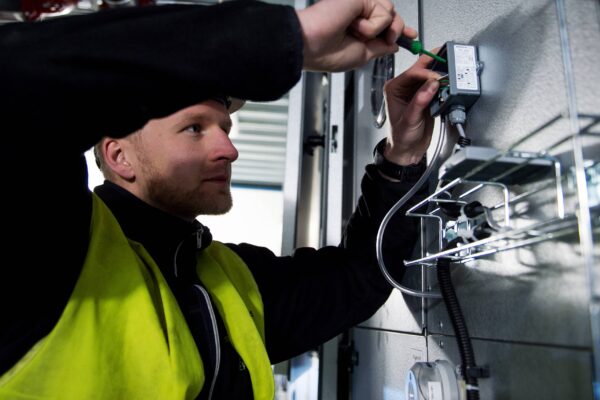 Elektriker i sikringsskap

--*--

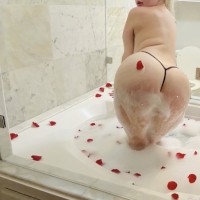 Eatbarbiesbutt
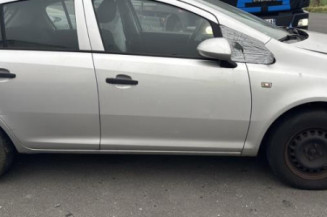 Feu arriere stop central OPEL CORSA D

--*--

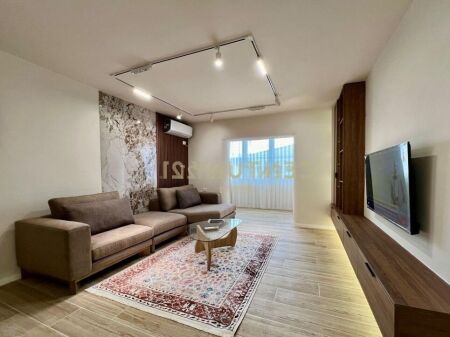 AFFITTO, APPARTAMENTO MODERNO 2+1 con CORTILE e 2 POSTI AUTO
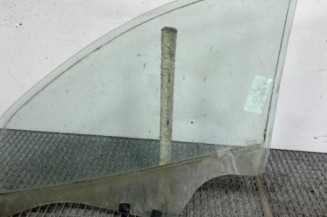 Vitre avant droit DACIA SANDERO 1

--*--

● What the task requires
Within the listing above, extract exactly the lines that run from the one containing "AFFITTO, APPARTAMENTO MODERNO" through the one containing "Vitre avant droit DACIA SANDERO 1", excluding any pictures.

● Answer to the exercise
 AFFITTO, APPARTAMENTO MODERNO 2+1 con CORTILE e 2 POSTI AUTO
 Vitre avant droit DACIA SANDERO 1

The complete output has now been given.